Das Jahr 2023 ist in Bayern bekanntlich Wahlkampfzeit. Die Landtagswahl steht an, die Spitzenkandidaten sind nominiert, und so bringen sich die Parteien so langsam für den nächsten Akt in Stellung. Zum einen bedeutet das, die Politprominenz aufzufahren. Namen mit Zugkraft also, die um die Gunst der Wählerschaft werben sollen. Die CSU bietet an diesem Sonntag Parteivize und EU-Parlamentarier Manfred Weber auf, der beim Neujahrsempfang in Tutzing spricht. Die örtliche SPD hatte am Donnerstag den zweimaligen Spitzenkandidaten für die Landtagswahl Franz Maget in Feldafing zu Gast. Es geht also wieder los. Und je näher der Wahltag rückt, desto mehr suchen die Parteien die Öffentlichkeit, um ihre Positionen zu vertreten - und untereinander Meinungsverschiedenheiten auszutragen.
Im Landkreis Starnberg scheint sich der politische Disput dabei vor allem um die Integration der Geflüchteten zu drehen. In einer Pressemitteilung kritisierten die Grünen in dieser Woche Landrat Stefan Frey (CSU) stellvertretend für den Umgang seiner Partei mit Geflüchteten, die nicht aus der Ukraine stammen. "Der Wahlkampf in Bayern hat begonnen - und die CSU setzt offensichtlich erneut darauf, einen großen Teil davon auf dem Rücken der Schwächsten auszutragen", erklärte Kreissprecherin Verena Machnik.

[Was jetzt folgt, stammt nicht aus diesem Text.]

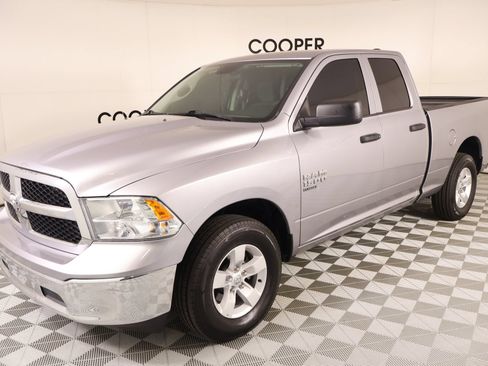 Used 2021 RAM 1500 Tradesman w/ Popular Equipment Group RWD image 9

Durch die Fokussierung auf die Unterbringung der Geflüchteten kämen andere Themen zu kurz, finden die Grünen
Unter anderem Grund für Machniks Unmut: Freys Auftreten in einem kürzlich erschienenen Beitrag in der Bild-Zeitung. Gemeinsam mit Amtskollegen aus ganz Deutschland beklagte Frey darin eine Überforderung der Kommunen und fehlende Unterstützung des Bundes bei der Unterbringung von Geflüchteten. "Frau Innenministerin Faeser kann bei uns gerne ein Praktikum machen, dann würde sie sehen, was hier zurzeit abläuft", sagte Frey.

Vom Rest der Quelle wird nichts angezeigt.